Provision 28. Cargo Gear and Lights

   The owners will be in charge of maintaining the cargo gear of the ship by providing gear that is capable of lifting capacity. The charterers are to have access to all gear and if they require it, the vessel will be permitted to work all day and night for loading and discharging purposes. The vessel will be considered off-hire if cargo gear malfunctions and the owners must pay for stevedores stand-by time as well as the cost of gear. 

Clause 46

   “It is understood…warranty applies only to speed and consumptions as stated above under good weather condition, smooth sea, without exceeding Beaufort Scale wind force 4 or Douglas Sea Scale 3, without adverse current.”

Clause 77

   “Evidence of weather conditions to be taken as reported daily on the noon position to the Charterers.”

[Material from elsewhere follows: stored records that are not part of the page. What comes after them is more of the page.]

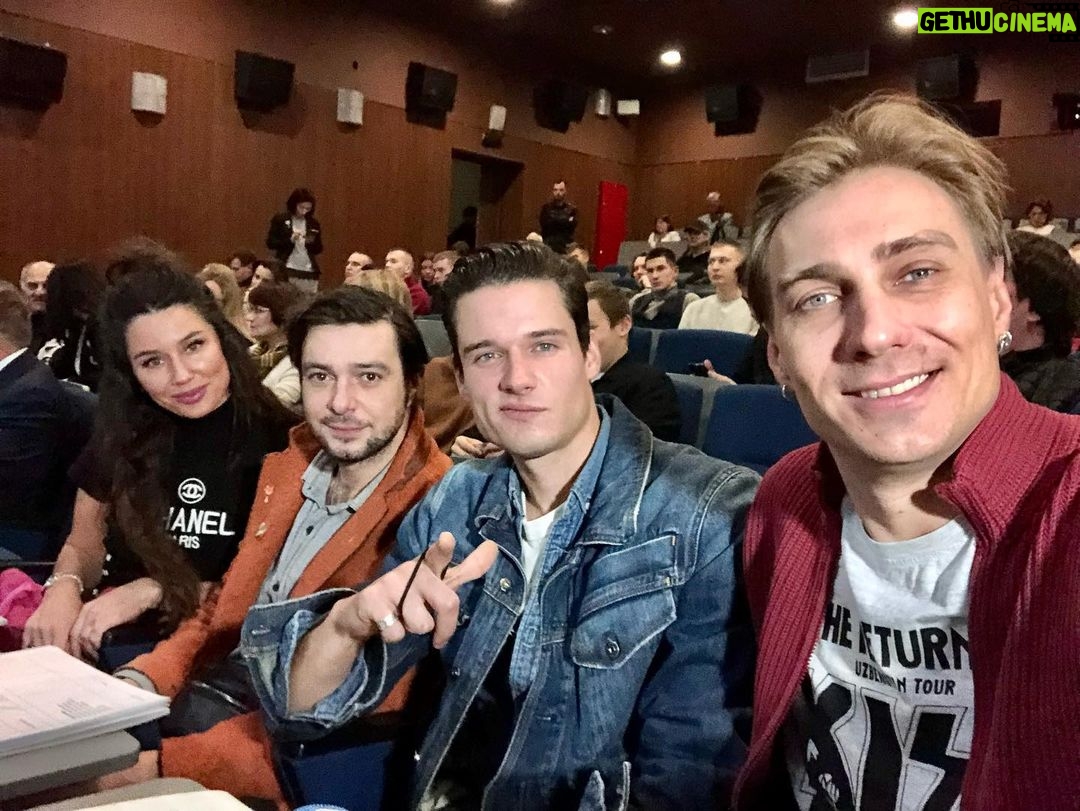Ivan Zhvakin Instagram - На прошлой неделе мне посчастливилось быть членом жюри на фестивале короткометражных фильмов в любимом ВГИК! Последний раз я здесь был когда поступал, в 2009 году! Ностальгия! 😌 Понял, как мне всё же нравится короткий метр! За один вечер конкурса можно увидеть столько интересных и разноплановых картин! Теперь я с удовольствием буду принимать приглашения на подобные мероприятия! Спасибо!☺️ P.S. Кто заметил ошибку на фотографиях в карусели? #иванжвакин ВГИК ул. Вильгельма Пика, 3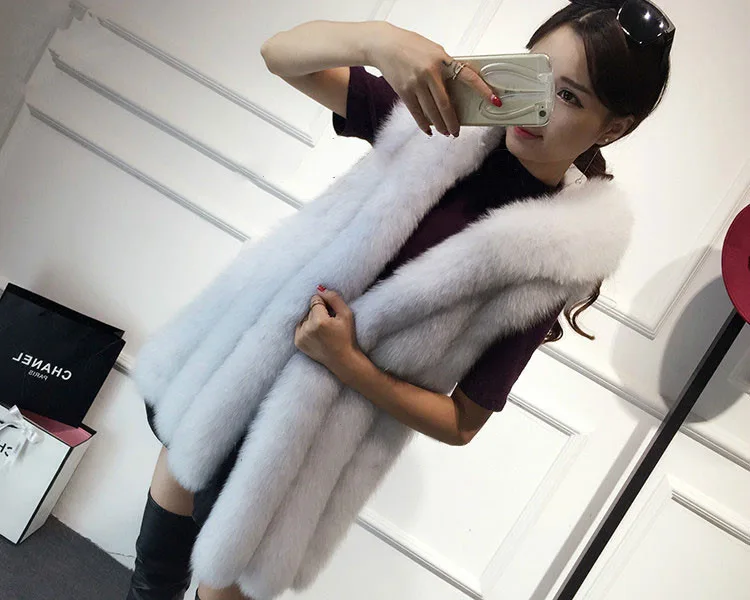 COATS Plus Size 4XL Hooded Faux Fur Coat Spliced Large Size Female Winter Warm Long Vest Fur Coat Casual Loose Overwear LQ322
COATS Plus Size 4XL Hooded Faux Fur Coat Spliced Large Size Female Winter Warm Long Vest Fur Coat Casual Loose Overwear LQ322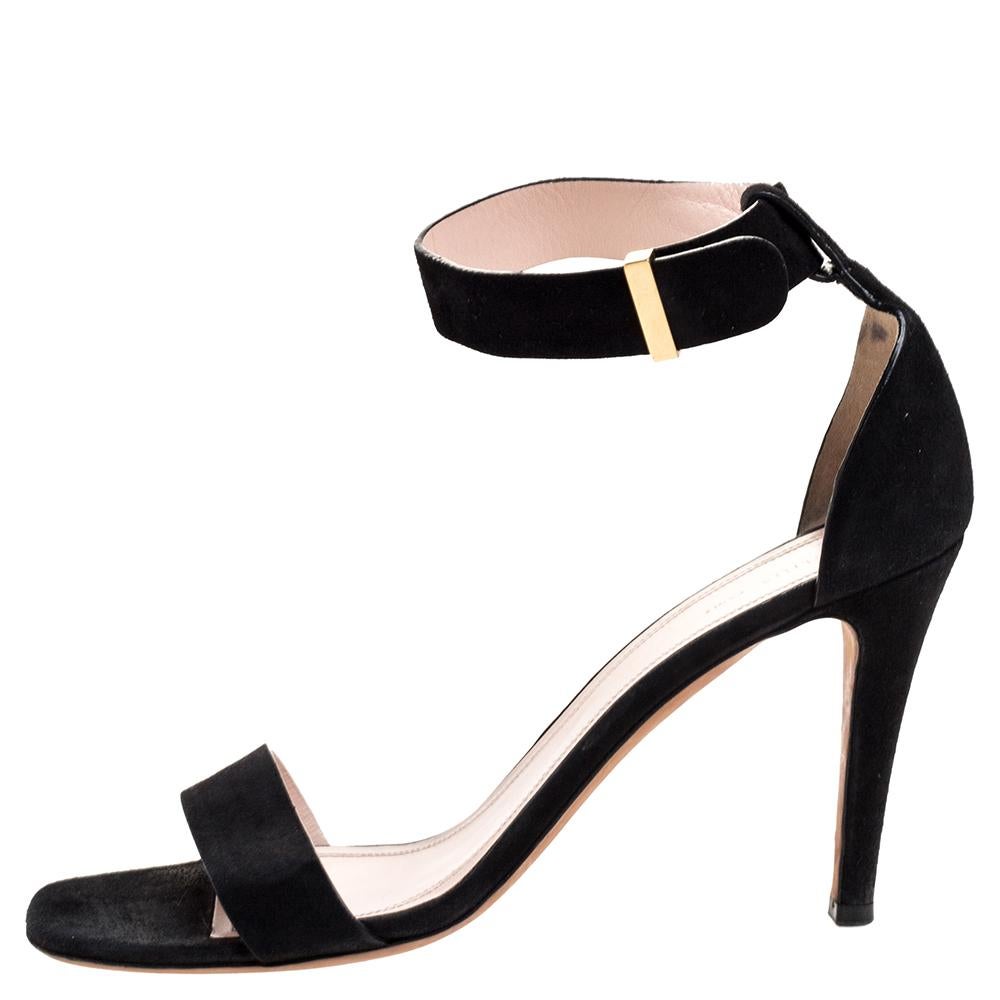 Flaunt your love for fashion and luxury with these stunning sandals by Celine. Crafted in Italy, they are made from suede and come in a shade of black. They are styled with open toes, buckled straps, and 9.5 cm high heels. They are finished with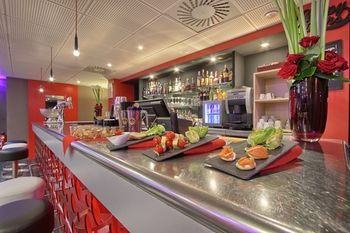 Hotel Bar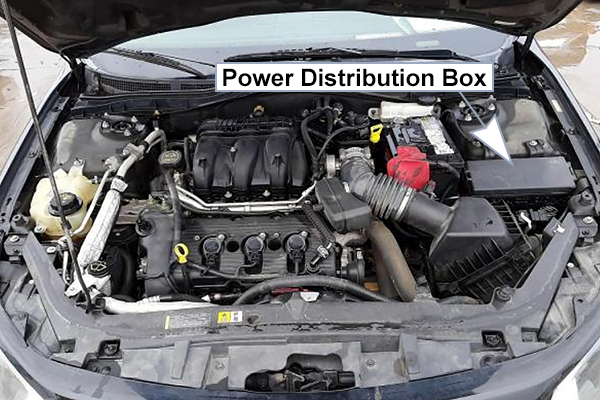 Ford Fusion (2010-2012): Engine compartment fuse box location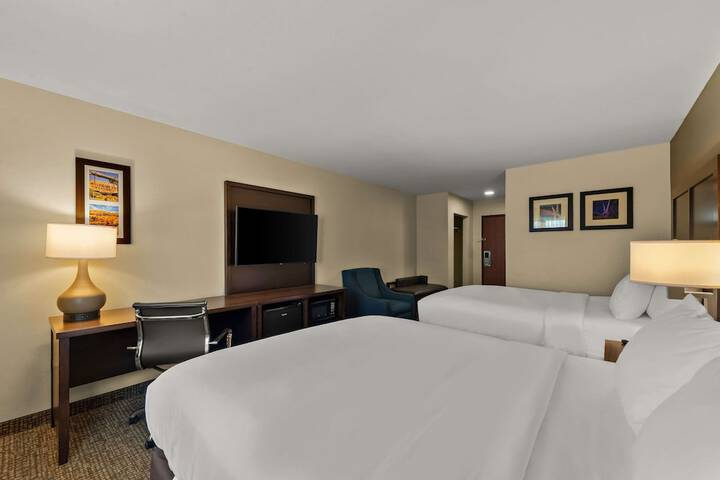 Room 9 of 39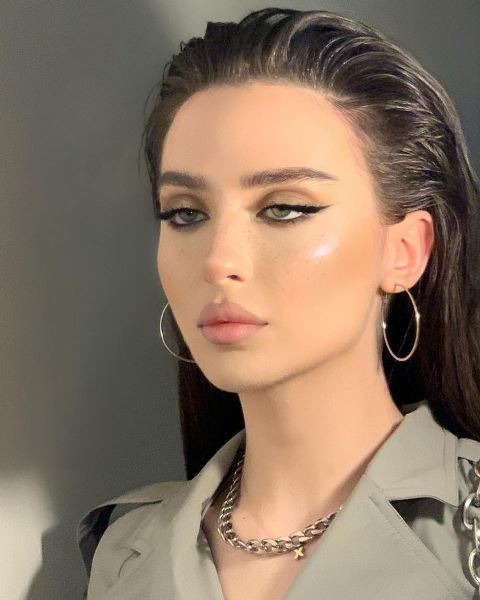 5 peinados fáciles para transformar tu look de oficina en minutos y disfrutar el viernes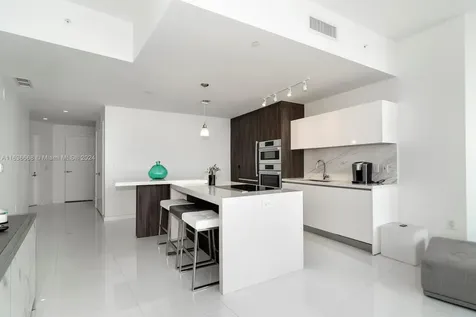 851 NE 1st Avenue Miami FL 33132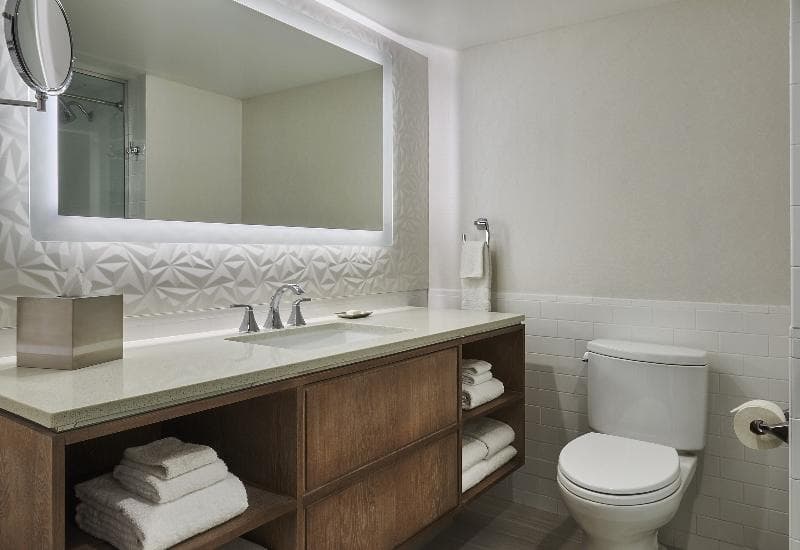 Flamingo Room | 2 Queens — image 1 of 6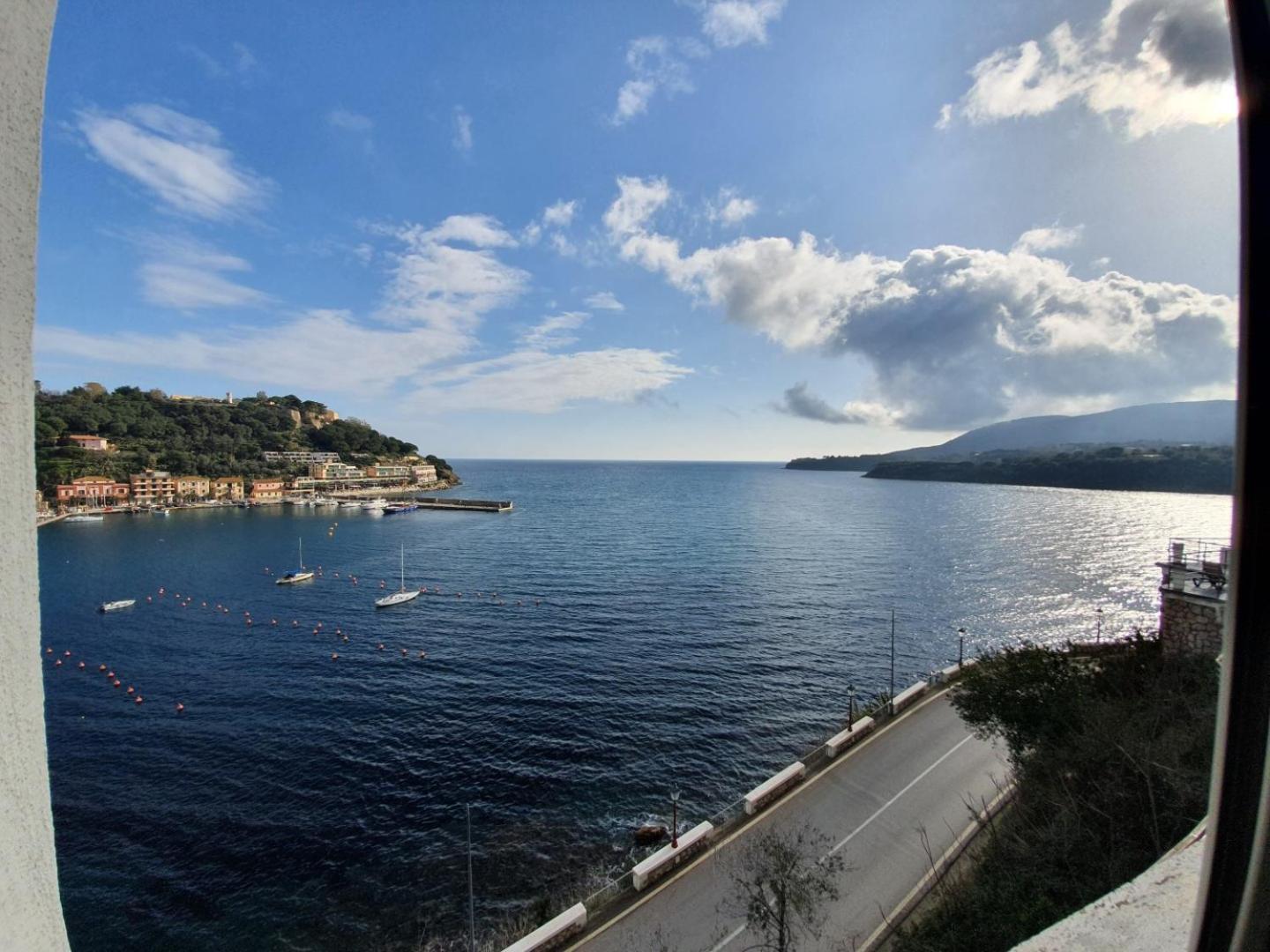 Hotel Plaza Porto Azzurro Zimmer foto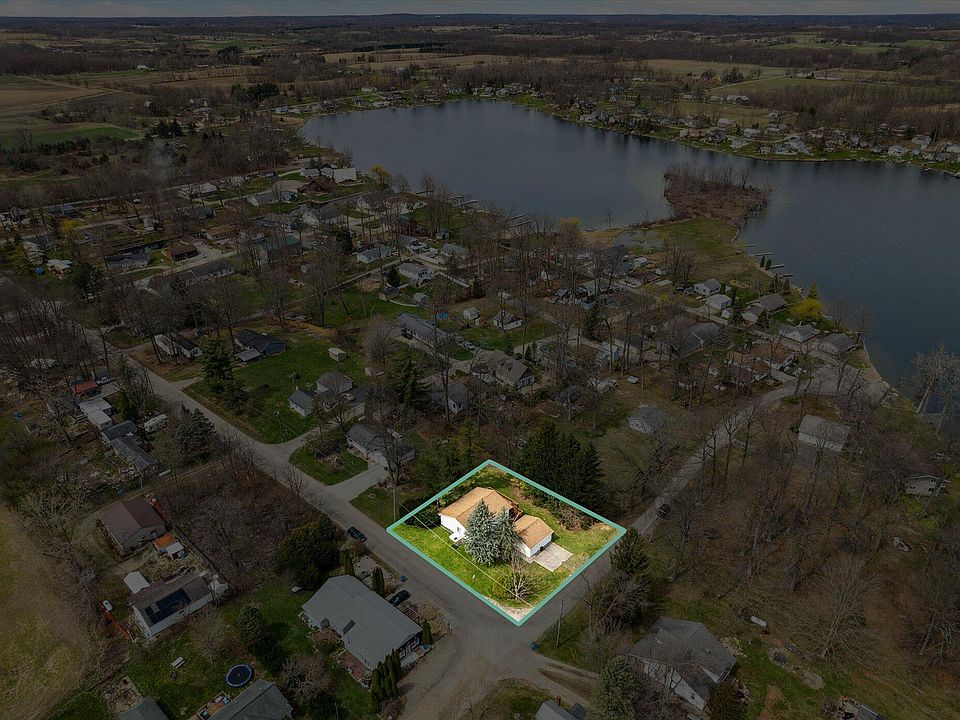 6240 Lake Rd, Osseo, MI 49266 Zillow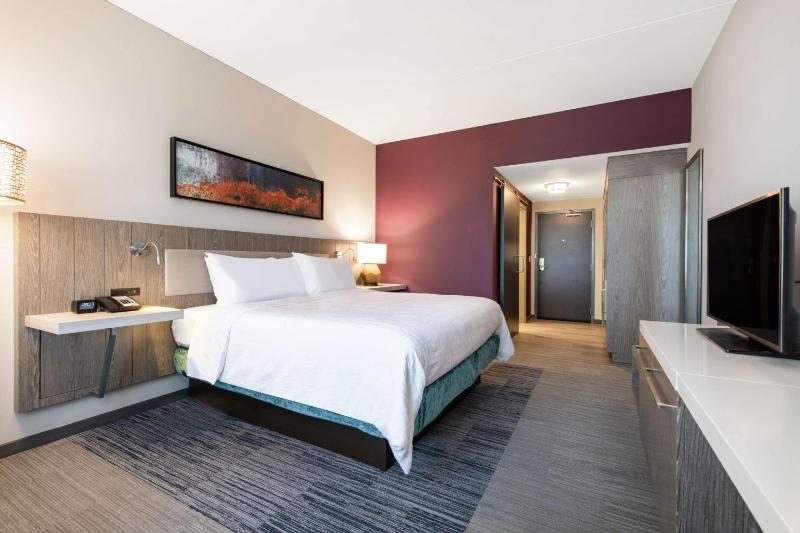 King Room image 4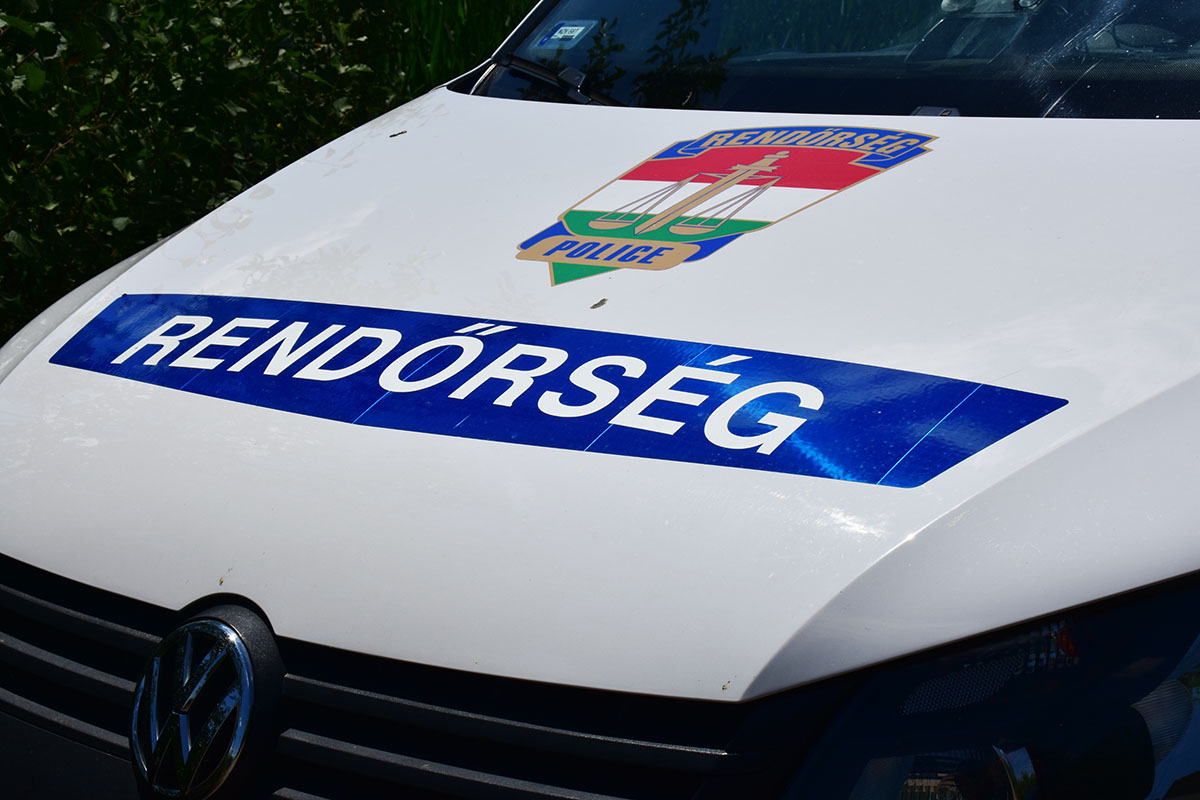 veszelyes-orjonges-bekesen:-mozgo-autora-vetette-magat-egy-ferfi-–-koros-hircentrum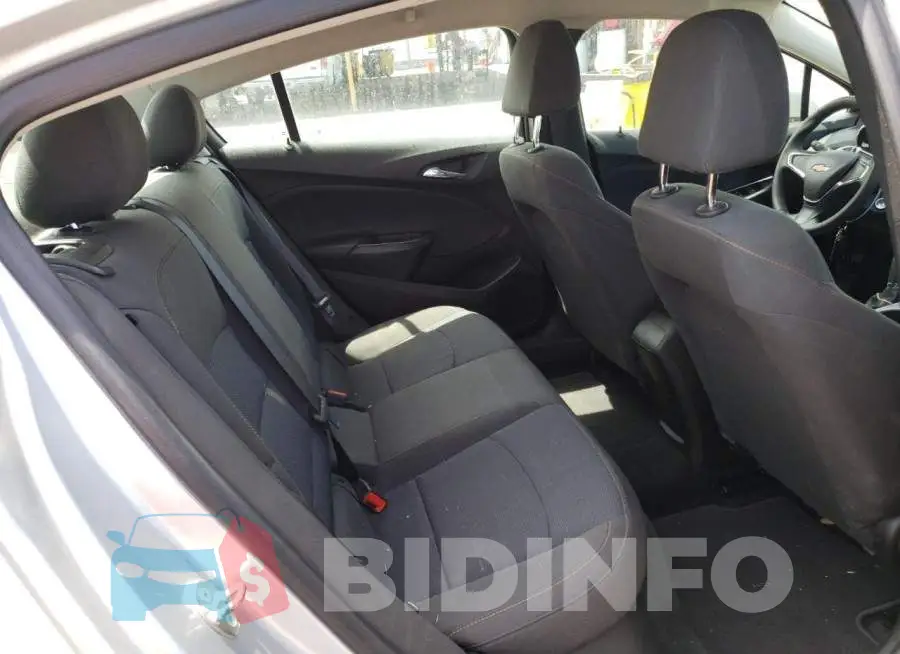 1G1BC5SM9J7192341 Photo# 6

The charterers submitted that the shore cranes had been used on 9 and 10 May to discharge steel slabs from holds 2 and 3.  However, the vessel was not able to operate these cranes on 11 May. The tribunal did not approve of the evidence provided by the charterers that the charges they had claimed were credited to the problem with the crane used on 9 and 10 of May. The owners were able to recover the amount the charterers deducted because of this. 

The charterers claimed that their crew was unable to work overnight on 12 May changing the cargo runner because the shore crane was unavailable. The shipowners provided substantial evidence that the repairs done on the damaged crane had been completed and the crane was not required for the work done. The tribunal accepted owners’ evidence and the charterer’s position was rejected.

The charterers used a weather report from 12 May, created by the weather bureau, that calculated a loss of over 43 hours and overconsumption of 26.47 mt IFO and 0.8 mt MDO on the vessel’s voyage. Because of this report, the charterers deducted US$22,000 from hire. The bureau reported that 18 and 20 of April and 2 and 7 of May were named “good weather days”. However, the owners supplied evidence that these days were not good weather days. 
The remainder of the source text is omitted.